▶ _Task item_: Down to the last line, write out the entries below exactly and omit all pictures.
'''
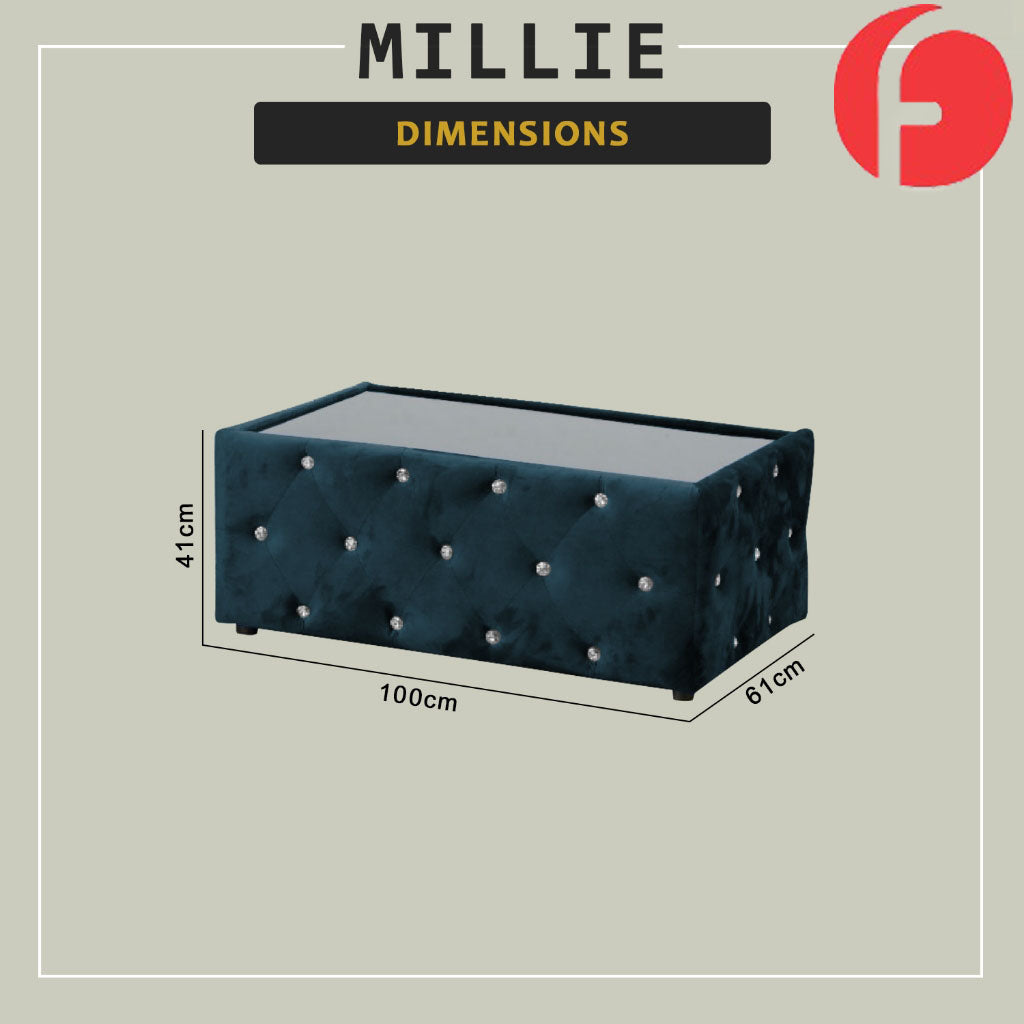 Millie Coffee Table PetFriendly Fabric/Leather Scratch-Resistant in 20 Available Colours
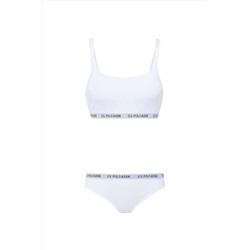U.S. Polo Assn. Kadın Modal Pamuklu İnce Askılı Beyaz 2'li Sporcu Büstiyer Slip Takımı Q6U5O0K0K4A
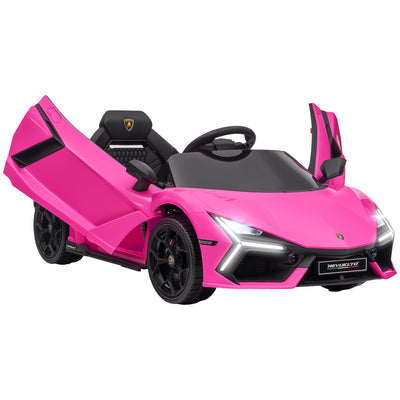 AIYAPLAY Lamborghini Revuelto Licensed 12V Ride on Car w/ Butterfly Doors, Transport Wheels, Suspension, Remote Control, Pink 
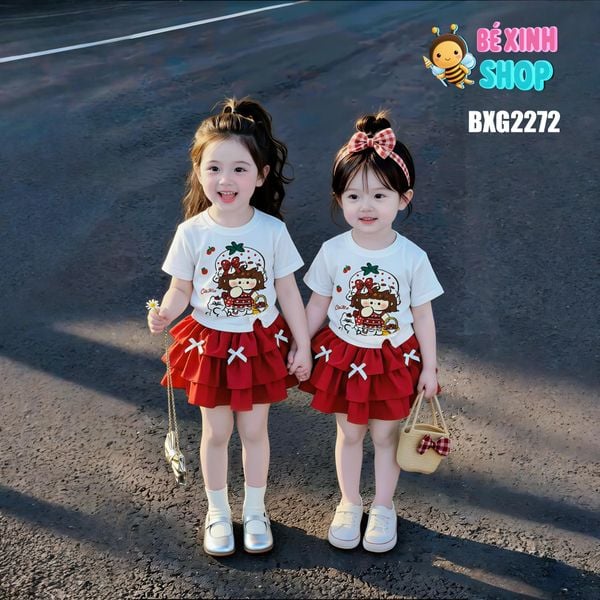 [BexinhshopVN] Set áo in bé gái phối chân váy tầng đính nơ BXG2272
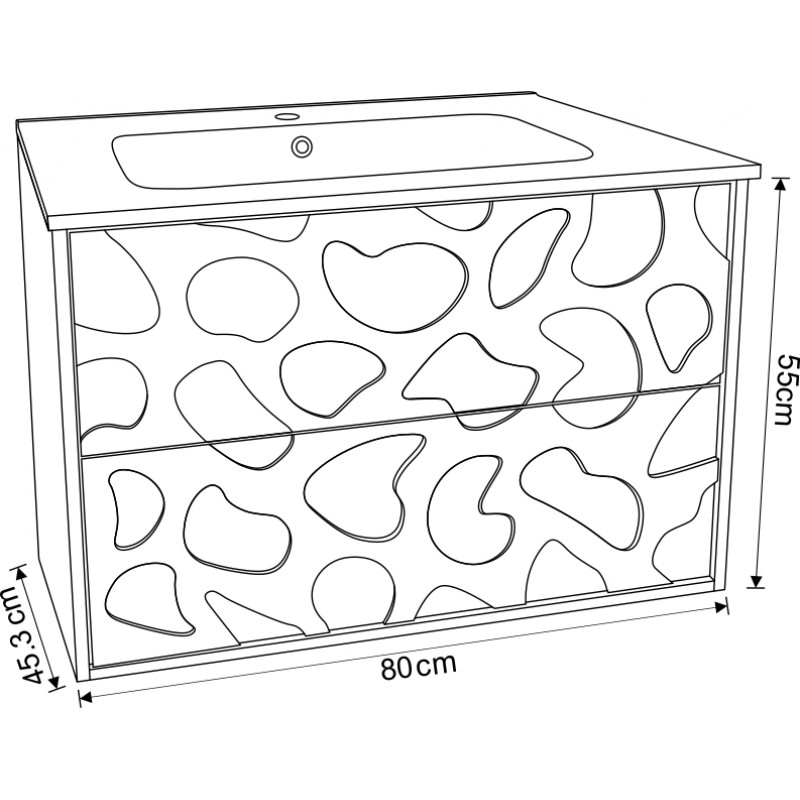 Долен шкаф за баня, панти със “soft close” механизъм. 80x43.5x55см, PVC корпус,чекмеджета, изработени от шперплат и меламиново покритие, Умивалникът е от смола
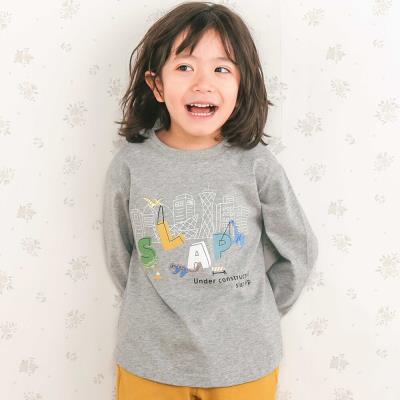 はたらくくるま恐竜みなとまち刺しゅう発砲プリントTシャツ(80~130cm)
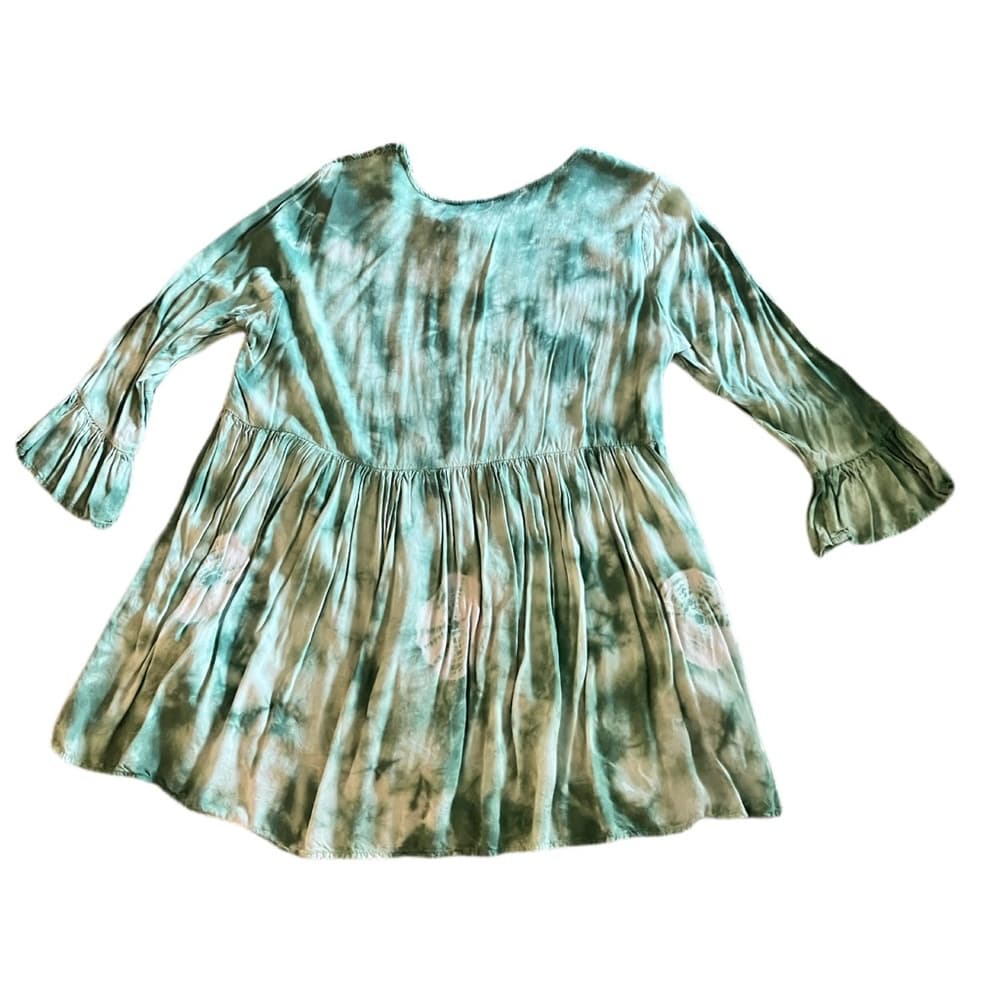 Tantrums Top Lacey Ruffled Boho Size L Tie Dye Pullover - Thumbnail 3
'''
▶ _Reply_:
 Millie Coffee Table PetFriendly Fabric/Leather Scratch-Resistant in 20 Available Colours
U.S. Polo Assn. Kadın Modal Pamuklu İnce Askılı Beyaz 2'li Sporcu Büstiyer Slip Takımı Q6U5O0K0K4A
 AIYAPLAY Lamborghini Revuelto Licensed 12V Ride on Car w/ Butterfly Doors, Transport Wheels, Suspension, Remote Control, Pink 
 [BexinhshopVN] Set áo in bé gái phối chân váy tầng đính nơ BXG2272
 Долен шкаф за баня, панти със “soft close” механизъм. 80x43.5x55см, PVC корпус,чекмеджета, изработени от шперплат и меламиново покритие, Умивалникът е от смола
 はたらくくるま恐竜みなとまち刺しゅう発砲プリントTシャツ(80~130cm)
 Tantrums Top Lacey Ruffled Boho Size L Tie Dye Pullover - Thumbnail 3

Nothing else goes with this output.